We've been looking into this, there is some variation with the fore-ends of the of the G11, the squared off version which carried two spare magazines is often called the K2 but other ACR and late W.German Army examples with earlier fore-end styles also appear to have the magazine slot. This is something we will discuss in a video at a later date! And the 1992 video with Jim Schatz is quite something! From the operator and armourers manuals from 1989 they both consider a in field field strip to end at the removal of (IIRC) the breech cylinder from the breech & barrel assembly and no further. Stripping will also be covered in a future video! Thanks - Matt
Very advance rifle but very complicated!
basically what the terraria clockwork rifle was based off of.
When will you be continueing this series on ACR rifles?
MrPotato it will hopefully be Vic's next video - Matt
I want one
Me too where can I get one just for collection
Wouldn't have looked out of place in the aliens movie would it!
Ha! Very true.
all this to safe 50% ammunition weight
Мудрёна лишку.
KRAUT WELTRAUM MAGIE
The G11 is so advance that there is good reason why it never became mainstream, Imagine going back in time to 1700's and giving them and M-16, not much would happen because it would be too costly or simply impossible for them to manufacture it. Maybe something like the G11 would make sense in 2100's where it and its ammunition could be manufacture cheaply.
Complex for a rifle but mostly similar to a mechanical computer
Yes, good comparison.
Is this Q?
Q?
HK won't make this again for the same reason they won't make the P7: they hate us and we suck.

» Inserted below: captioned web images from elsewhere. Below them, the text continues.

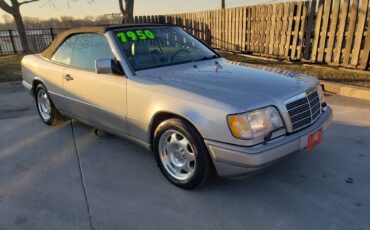 Mercedes-benz-e320-1995-silver-11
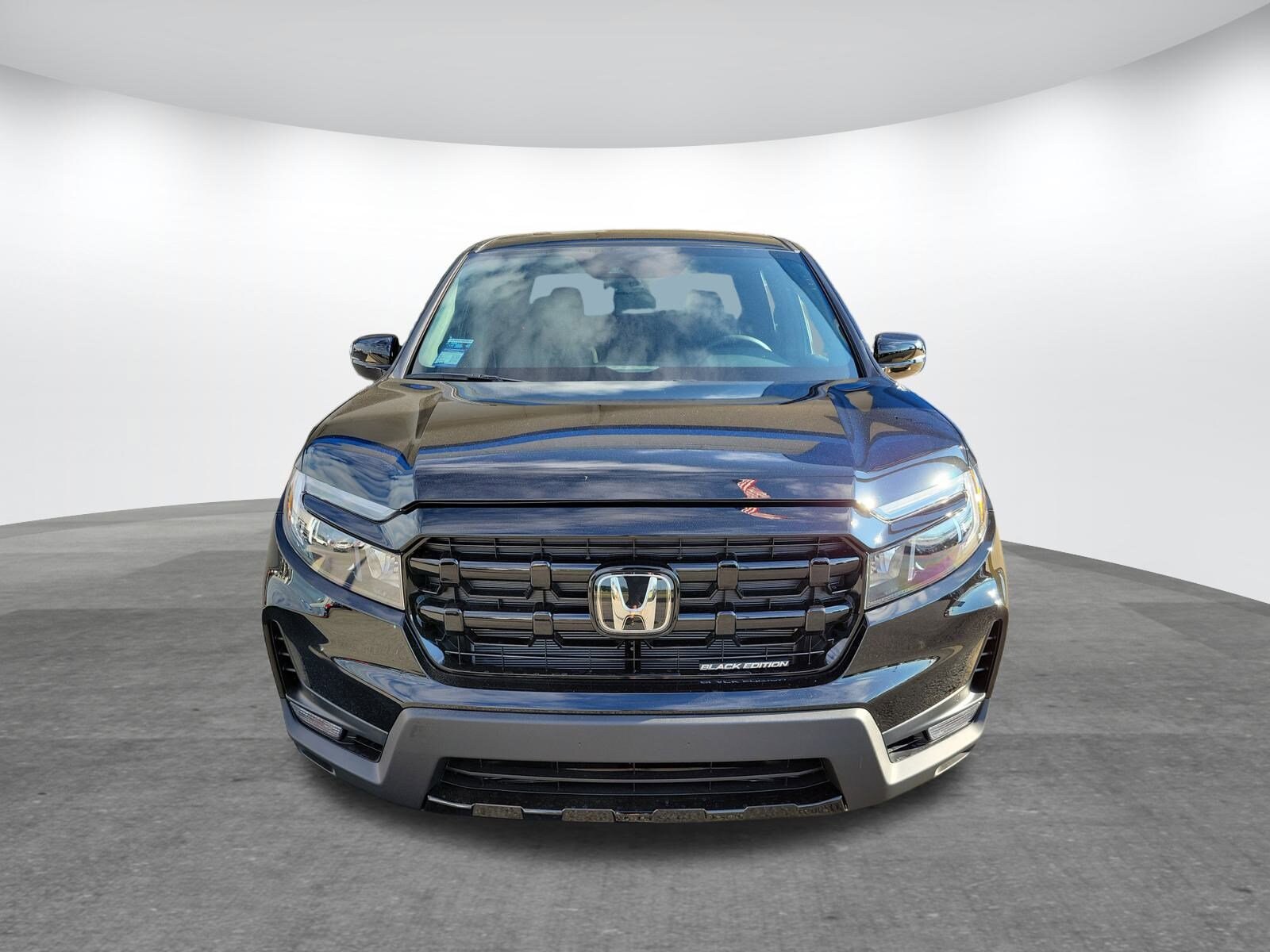 2026 Honda Ridgeline Black Edition photo 2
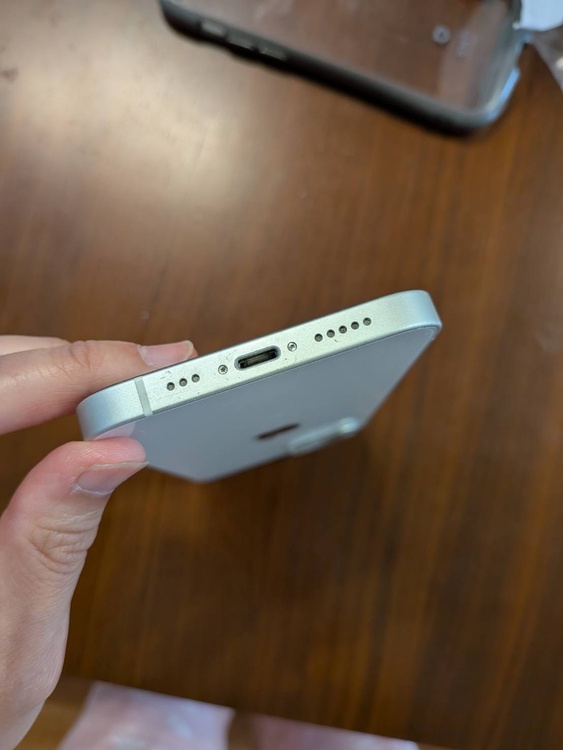 iPhone iPhone 12 256GB SIMフリー（スマホ）の商品画像 - 査定依頼日：2026年7月4日 - 最高査定価格：26,000円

Saludos , un video sobre el G-11 LMG seria muy interesante . Gracias .guns.wikia.com/wiki/Heckler_%26_Koch_LMG11
ALBERTO MORALES Gracias Alberto. I doubt we'll find an LMG variant but we'll try. In the meantime I do have some documents about it.
Probably complex enough to shoot and file your taxes.
Germans sure know how to make the worst fucking military rifle in history again, and again and again.
StG system was fine but as usual they overengineered it.
Then the guys who did the StG system went to Spain to make probably the best rifle ever, CETME rifle which developed into G3 which same damn rifle except a few more things.
Thankfully the Krauts did not get their hands on the G3 to over complicate it as usual, but I am sure they want to make it 50 billion times more difficult to manufacture if they wanted to.
Good lord that thing is fugly
Over-engineering at its finest
Galee ya friggin mouth breather move the mic lol
Looks and sounds awesome but works kinda shit
If that mechanism failed in combat, you‘d be fucked
Ya know the Germans always make good stuff
This video did not get NEARLY as much views as it should have. I love gun Jesus but he got the prototype G11, this is what I think is just as interesting as the prototype G11. Good, not so in depth video but he did mention how this ammunition works which was Coolio.
Thanks for watching, don't forget to check out our video showing the disassembly of an ACR version of the G11!
G11, the best Assaultrifle ever created. Sadly not introduced into our Bundeswehr
FuckinAntiPope it was going to be adopted, but the Berlin Wall fell and it was decided that it would be cheaper to rebuild the East German economy than to adopt this rifle.